In the case of a circle, the formula for length swept out is $rd{\theta}$. If we integrate for a circle of fixed radius $r$, we get \[ L = \int_{0}^{2\pi} r d\theta = 2\pi r \] (the circumference formula!). How must we adapt things if $r$ varies as $r=f(\theta)$?
It turns out that we need to tweak that formula just a bit: \[ L = \int_{a}^{b}{ \sqrt{ r^2 + \left( \frac{dr}{d\theta} \right)^2 } }\ d\theta = \int_{a}^{b}{ \sqrt{ f(\theta)^2 + f'(\theta)^2 } }\ d\theta \]
Notice that this formula give the proper result in the case of a circle of radius $r$ centered at the origin, because in that case the second piece -- $\frac{dr}{d\theta}$ -- is 0! There is no change in $r$ as $\theta$ changes, so the rate of change is 0....
From this we see that going from the specific to the general can be dangerous. That being said, we often do dangerous things, and sometimes they work.
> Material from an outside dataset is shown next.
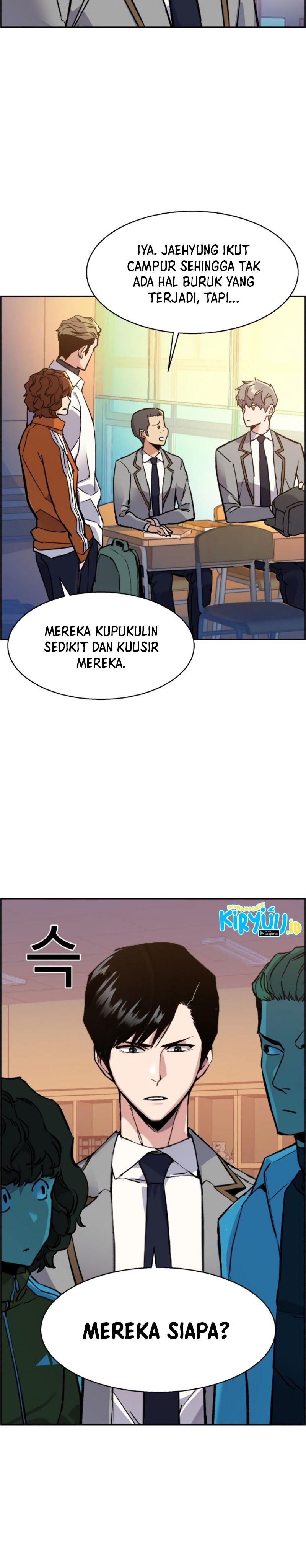 Read Mercenary Enrollment ID Manga Online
See what happens in the case of area!:)
- Area: For the circle, the area of a sector is basically that of
a wedge, which we can think of as about half a rectangle (and this
approximation gets better and better the smaller the value of $\theta$).
Thus, in the picture above, $\Delta A \approx r \frac{r \theta}{2}$ (recall arc length above is about $r \theta$).
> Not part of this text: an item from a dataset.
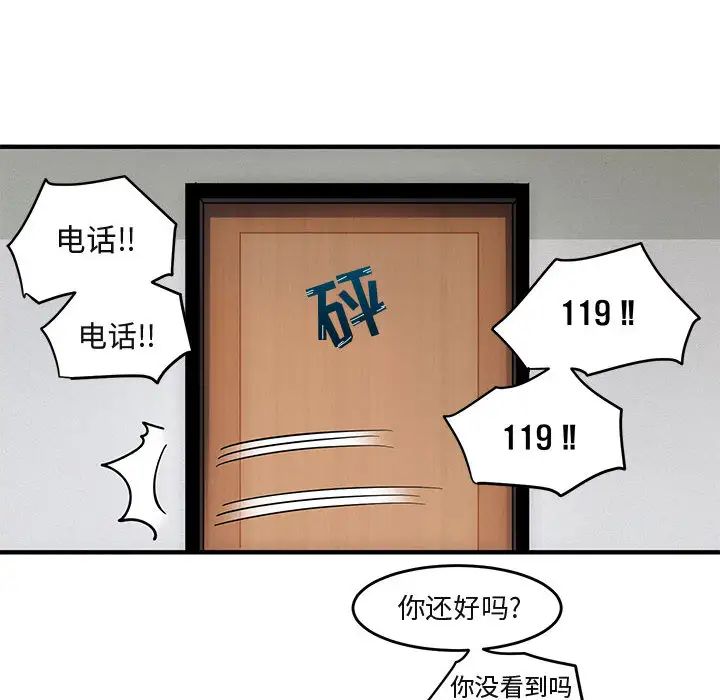 闖入我們家的H先生第2话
Hence, when we have an infinitesimally small angle $d\theta$, the approximation should be exact: $dA=\frac{r^2}{2}d\theta$, and \[ A=\int_{a}^{b} \frac{1}{2}r^2\ d\theta=\int_{a}^{b} \frac{1}{2}f(\theta)^2 \ d\theta \] is indeed the area of that shaded region on the right above.
- Length: The arc length of a sector of the circle swept out
by angle $\theta$ is given by $r\theta$ (with the familiar
circumference formula being the case of sweeping out an angle
of $2{\pi}$.
- Materials:
- Equation of the cardiod: $r(\theta)=1-\cos(\theta)$
- Area of the cardiod: $A=\frac{1}{2}\int_{0}^{2\pi}(1-\cos(\theta))^2\ d\theta = \frac{3\pi}{2}\approx 4.71$
- Length of the cardiod: $L=\int_{0}^{2\pi}\sqrt{(1-\cos(\theta))^2+(\sin(\theta))^2}\ d\theta = 8$